This blog is written with the evaluation commissioner (clients) in mind at the stage where they have to assess whether a proposed design is going to be successful, but the advice is relevant for those designing evaluations and those designing terms of reference for evaluations too!

Detail of a participatory exercise © Robin Brady

Detail of a participatory exercise © Robin Brady

It might seem like an obvious thing: good evaluation design. But I have recently come across a number of evaluation commissioners who have not always understood what they should be looking for when it comes to evaluation design, either in the tenders or proposals that they have to review or the designs presented by contracted evaluators. Sometimes evaluators will try to bamboozle the client into accepting their favourite evaluation approach and the client is none the wiser.

So next time you are faced with having to choose a proposal for the evaluation that you need to commission, consider whether it has the following characteristics:

  1. The design is aligned to your Theory of Change and Log Frame or strategic framework: In most cases you want to know whether you’ve delivered against your Theory of Change and whether your interventions have achieved or contributed towards the change that you are working towards. So it makes sense that the evaluation design takes into account what you are trying to achieve and puts forward approaches, methods and tools that are geared towards finding out whether you have indeed made a difference;
  2. The key evaluation questions are aligned to your Theory of Change and Log Frame or strategic framework: This does sound obvious, but often I’ve seen terms of reference that pre-determine what the key evaluation questions (all 27 million of them) will be and that they will conform with the OECD DAC criteria, the DCED criteria, some other criteria, or worse: someone’s pet obsession. Why hire an evaluator if you’re going to ask all the questions before they come onboard? You need to ensure that the small number of focused questions do actually link into your theory of change, organisational performance or whatever it is you are evaluating. If a donor wants you to take the OECD DAC criteria into account for example, then you can do that at a later stage in the evaluation process, rather than force the design into the criteria model;
  3. The design is participatory, putting key stakeholders at the centre: the people who know whether or not your intervention has worked are the people affected by your intervention – be it beneficiaries, their families or households, the community leaders or community organisations working with you, your programme team. All these groups have to be included in delivering the evaluation in some way. Where possible, ensure beneficiaries can feed into the data collection process, either by providing data or participating in the data collection process. Ensure all stakeholders are consulted or included in some shape or form;
  4. The evaluator will want to include you and your team in the design process: The evaluation recommendations are going to be used by you and your team to make changes and improvements to the programme or intervention. So you should be involved in the evaluation design, informing the focus of the evaluation question(s) or informing the design and application of tools and methods.
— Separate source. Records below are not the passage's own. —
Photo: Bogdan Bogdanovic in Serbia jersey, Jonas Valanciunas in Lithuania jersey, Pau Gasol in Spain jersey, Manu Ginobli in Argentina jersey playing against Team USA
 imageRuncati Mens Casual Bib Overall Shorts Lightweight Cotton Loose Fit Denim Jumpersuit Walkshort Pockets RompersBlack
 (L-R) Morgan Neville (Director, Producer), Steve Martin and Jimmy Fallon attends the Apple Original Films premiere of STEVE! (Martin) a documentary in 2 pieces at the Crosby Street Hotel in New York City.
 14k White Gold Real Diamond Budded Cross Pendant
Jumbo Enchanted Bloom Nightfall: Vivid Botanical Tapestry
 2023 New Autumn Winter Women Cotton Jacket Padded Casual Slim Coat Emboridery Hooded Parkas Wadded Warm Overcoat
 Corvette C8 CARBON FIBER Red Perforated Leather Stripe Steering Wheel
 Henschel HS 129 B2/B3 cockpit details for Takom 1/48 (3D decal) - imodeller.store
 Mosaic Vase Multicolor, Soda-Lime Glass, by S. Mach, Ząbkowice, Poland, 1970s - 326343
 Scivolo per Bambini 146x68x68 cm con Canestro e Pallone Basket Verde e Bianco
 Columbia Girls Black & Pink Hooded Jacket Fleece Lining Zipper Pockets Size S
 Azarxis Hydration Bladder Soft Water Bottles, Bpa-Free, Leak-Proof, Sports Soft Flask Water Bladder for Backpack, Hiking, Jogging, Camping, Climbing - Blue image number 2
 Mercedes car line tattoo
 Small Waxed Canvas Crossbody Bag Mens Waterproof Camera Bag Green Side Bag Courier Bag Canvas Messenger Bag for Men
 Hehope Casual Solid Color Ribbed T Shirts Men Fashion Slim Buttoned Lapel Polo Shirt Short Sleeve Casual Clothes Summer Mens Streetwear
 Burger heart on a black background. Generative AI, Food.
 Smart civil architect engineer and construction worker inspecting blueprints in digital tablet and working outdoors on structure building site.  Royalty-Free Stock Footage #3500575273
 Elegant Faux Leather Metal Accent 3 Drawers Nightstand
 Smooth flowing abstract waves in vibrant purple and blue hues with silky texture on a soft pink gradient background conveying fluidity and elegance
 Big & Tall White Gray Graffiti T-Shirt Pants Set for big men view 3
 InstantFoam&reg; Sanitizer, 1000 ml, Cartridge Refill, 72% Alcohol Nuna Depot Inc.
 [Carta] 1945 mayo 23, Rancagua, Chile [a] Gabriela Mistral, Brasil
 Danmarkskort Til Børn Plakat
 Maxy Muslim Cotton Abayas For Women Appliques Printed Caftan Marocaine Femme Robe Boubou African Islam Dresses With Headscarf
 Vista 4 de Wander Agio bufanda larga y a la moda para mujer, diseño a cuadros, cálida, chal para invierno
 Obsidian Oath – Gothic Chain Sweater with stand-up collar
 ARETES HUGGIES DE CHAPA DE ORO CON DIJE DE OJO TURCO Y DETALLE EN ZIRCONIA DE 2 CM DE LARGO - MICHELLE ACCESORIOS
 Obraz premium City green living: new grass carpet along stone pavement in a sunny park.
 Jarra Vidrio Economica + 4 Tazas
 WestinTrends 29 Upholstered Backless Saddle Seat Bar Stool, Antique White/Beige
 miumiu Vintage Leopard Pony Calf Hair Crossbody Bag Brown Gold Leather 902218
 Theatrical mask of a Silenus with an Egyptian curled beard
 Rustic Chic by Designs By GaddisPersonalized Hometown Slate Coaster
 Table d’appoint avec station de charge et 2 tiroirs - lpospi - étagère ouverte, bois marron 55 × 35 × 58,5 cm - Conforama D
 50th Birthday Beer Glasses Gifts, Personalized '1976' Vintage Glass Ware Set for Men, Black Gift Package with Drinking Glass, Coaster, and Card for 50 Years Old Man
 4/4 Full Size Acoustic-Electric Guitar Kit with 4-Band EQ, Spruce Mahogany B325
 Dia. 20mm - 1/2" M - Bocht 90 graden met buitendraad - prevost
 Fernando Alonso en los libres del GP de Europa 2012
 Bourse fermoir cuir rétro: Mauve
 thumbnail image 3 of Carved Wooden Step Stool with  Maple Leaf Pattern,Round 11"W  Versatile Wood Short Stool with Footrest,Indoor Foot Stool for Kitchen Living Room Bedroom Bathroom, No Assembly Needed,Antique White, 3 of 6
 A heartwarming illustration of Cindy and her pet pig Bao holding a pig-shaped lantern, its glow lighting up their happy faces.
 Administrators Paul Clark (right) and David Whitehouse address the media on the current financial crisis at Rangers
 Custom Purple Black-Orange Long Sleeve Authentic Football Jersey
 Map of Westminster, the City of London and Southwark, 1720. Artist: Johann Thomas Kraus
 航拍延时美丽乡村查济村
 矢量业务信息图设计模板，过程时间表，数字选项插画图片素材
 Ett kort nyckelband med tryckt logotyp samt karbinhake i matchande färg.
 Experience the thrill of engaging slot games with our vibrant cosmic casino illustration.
This is a great opportunity for capacity building your team in evaluation methods and tools and should be seen as much as a learning opportunity for you as a requirement either from the donor or the senior management;
  5. The design is costed and within the cost envelope: Sound obvious I know, but this point suggests two things: 1) you will advertise what the budget or budget envelope is when you’re sending out the terms of reference, and 2) evaluators can demonstrate that they can put a decent budget together with well thought through costings that appear reasonable and appear to have some flexibility in the budget for unforeseen costs. You don’t only want an evaluation you want one that is value for money and represents an appropriate use of the allocated funds. So make sure the evaluator can do their sums.

There are many different methods and approaches to evaluation and you will notice that I’ve not spoken about whether it should be an experimental, quasi-experimental, process, outcome, impact, formative, summative evaluation – that’s going to depend on specific situations, what point you’re at in the intervention, what the purpose of the evaluation is, how much money and time you’ve got, etc. The key thing to look out for is whether the methods proposed by the evaluator fit with your needs. Don’t worry if you didn’t understand some of the terms I used a few lines up, a good evaluator will either avoid jargon or explain it upfront if it is that important.

Do these characteristics chime with your experience? What characteristics would you use when looking for good evaluation design?